Institutional datasets with monthly updates — looking for examples & best practice

Lora Leligdon

unread,

Oct 6, 2025, 11:32:02 AMOct 6

to Dataverse Users Community

Hi everyone,

We have a couple of important institutional datasets that will grow over time (new files to be deposited every month). While we would prefer to deposit as static datasets, the volume and timeliness of the data, along with the way people will use it make this impractical.
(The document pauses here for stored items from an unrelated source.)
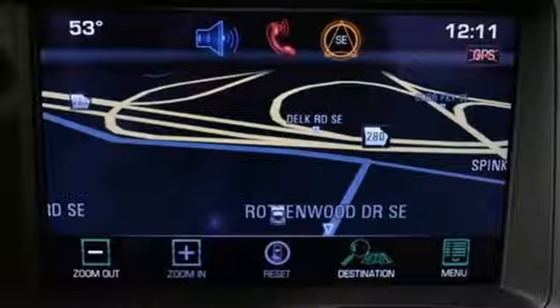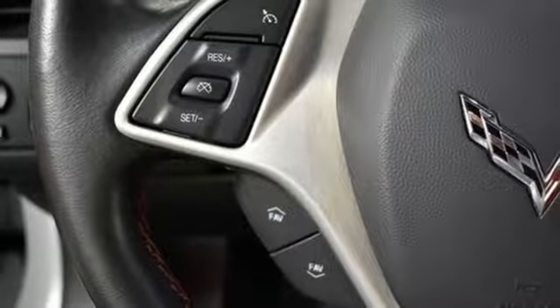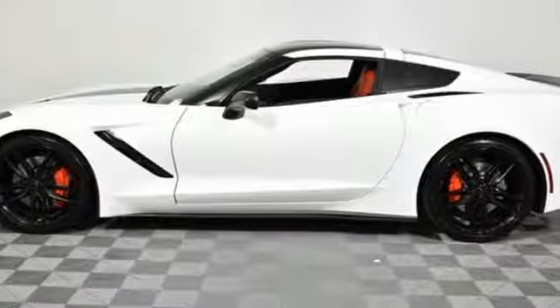Additional features include an integrated navigation system with voice activation, power heated mirrors, front heated and ventilated leather bucket seats, streaming audio, dual zone climate control, doors and push button start proximity key, and V8 engine.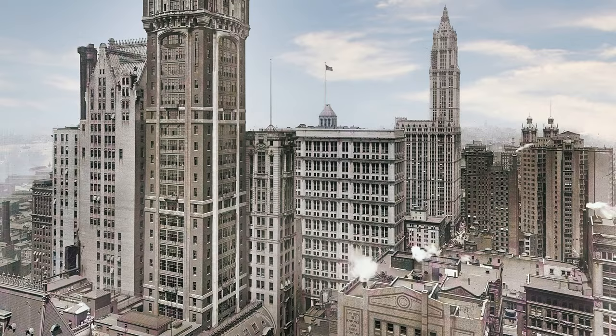It once held the title of the world's tallest building. A little more than half a century later, it was just a memory in the New York City skyline. Today, Two Minute Architecture Time Machine winds back the clock to explore the rise and fall of the Singer Tower.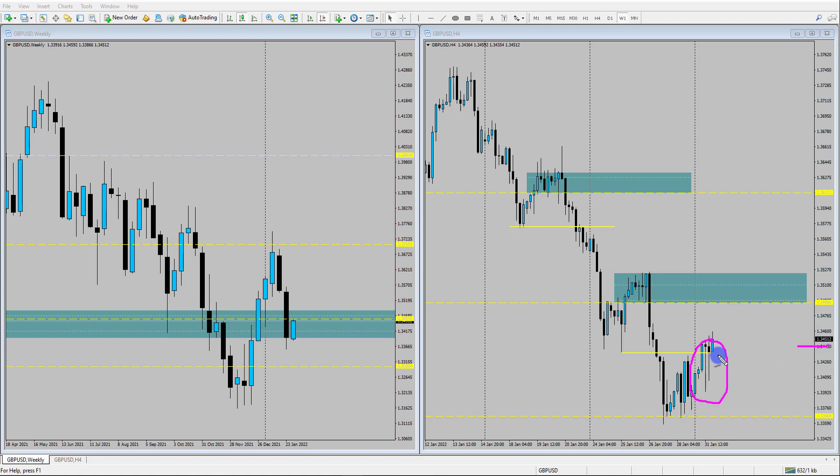It suggests to me at the moment we could see price continue to push to the upside. However, we do have a really good resistance zone that the price is approaching at the moment. It's between that sort of 134.90 and 135.20 area. This is a really nice area where sellers entered the market and pushed prices to form a new low.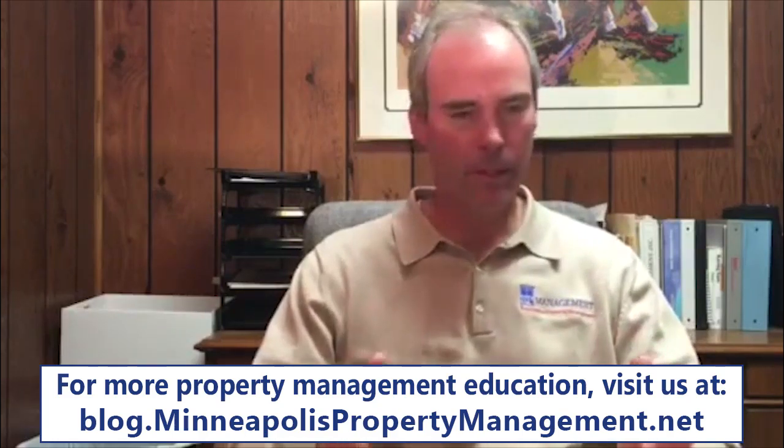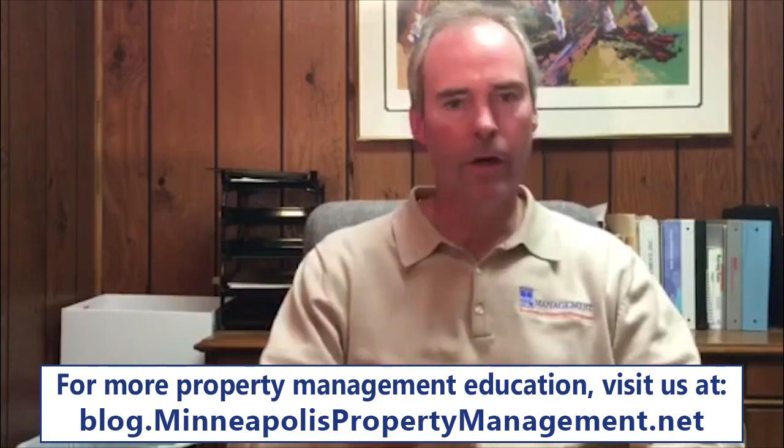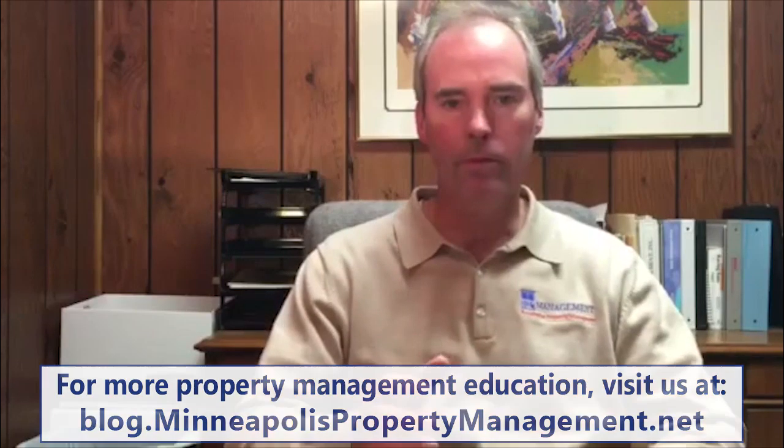Hi, I'm Dave Holt, President of RP Management. Today I'm going to talk about how to get your property rent ready. Now I understand that rents may be increasing and vacancy may be low, but your property could still sit there unrented if you don't take proper steps to get your property rent ready.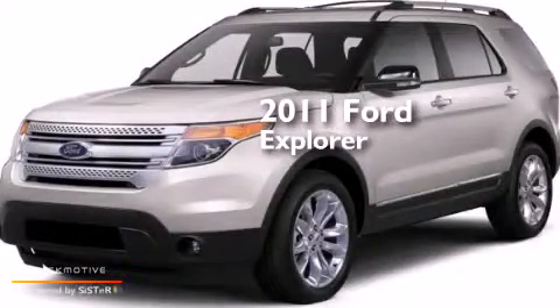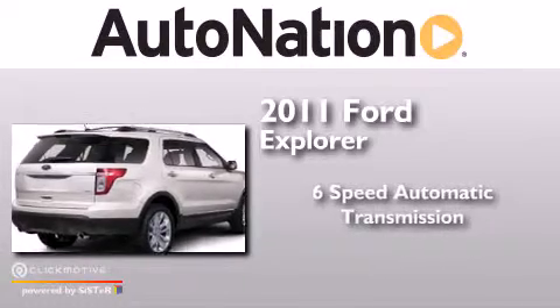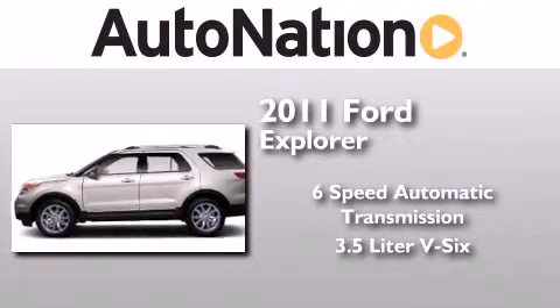This is a 2011 Ford Explorer. This SUV has a six-speed automatic transmission and a 3.5-liter V6.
So, we are trying to figure out a way to archive them in Dataverse that’s citable, clear, and sustainable as a "growing" dataset.

Could anyone share:

Examples of Dataverses / datasets doing this
Best practices for documenting update frequency (in README, metadata, etc.)
Strategies for versioning
Workflow tips or automated methods (using API, scripts)
How you guide users to cite evolving datasets

Thanks in advance for any pointers.

Lora

Lora Leligdon | Dartmouth Libraries Head of Research Facilitation | Dartmouth | Hanover, NH 03755 | Make an Appointment

Leonid Andreev

unread,

Oct 10, 2025, 4:37:03 PMOct 10

to Dataverse Users Community

Hi Lora,

There are real life examples of such "growing datasets", where authors publish a new version of a dataset, at scheduled intervals and/or when new data become available.

There are different ways to organize and/or package the actual files, depending on the nature of your data and the update process.

In the most straightforward scenario you just add one or more extra files, with one month-worth of data in each, every month.

Or you can take advantage of the "file replacement" mechanism in Dataverse. That way the number of files in the latest published version stays manageable; but for every file users can trace the history of updates and additions, and access archived versions of the file from specific past versions of the dataset.

Here's a real life example: https://dataverse.harvard.edu/dataset.xhtml?persistentId=doi:10.7910/DVN/VH6GVH. Note that this happens to be the dataset with the highest number of published versions at Harvard (425 as of writing this!). There are 10 files in the latest published version; but 8 of them have been continuously replaced with new versions (almost) every time a new version of the dataset was published.

Please note that there are known performance issues with datasets with 100s of versions. For ex., with the dataset above, you can easily access specific versions directly in the UI (for ex., https://dataverse.harvard.edu/dataset.xhtml?persistentId=doi:10.7910/DVN/VH6GVH&version=301.0); however, if you try and click on the "Versions" tab that tracks the overall revisions history of the dataset, it will take some appreciable time to populate that view. But, if you are planning to publish monthly, it should take some years before you accumulate enough versions to cause such problems... and by then we will, hopefully, have it all resolved.

I'll try and look for some scripts that may have been created for similar workflows in the past. You may also try and contact the author of the dataset above (note that he has a few more datasets in the collection - https://dataverse.harvard.edu/dataverse/layline - with similar, if slightly less frightening numbers of versions). Chances are he'll be willing to share the API scripts he's been using.

All the best,

-Leo

Lora Leligdon

unread,

Oct 13, 2025, 9:04:00 AMOct 13

to Dataverse Users Community

Thank you for your reply, Leo! I hadn't considered performance issues with large version numbers, but that makes sense. Thanks for sharing this example. It will help us set our institutional policy.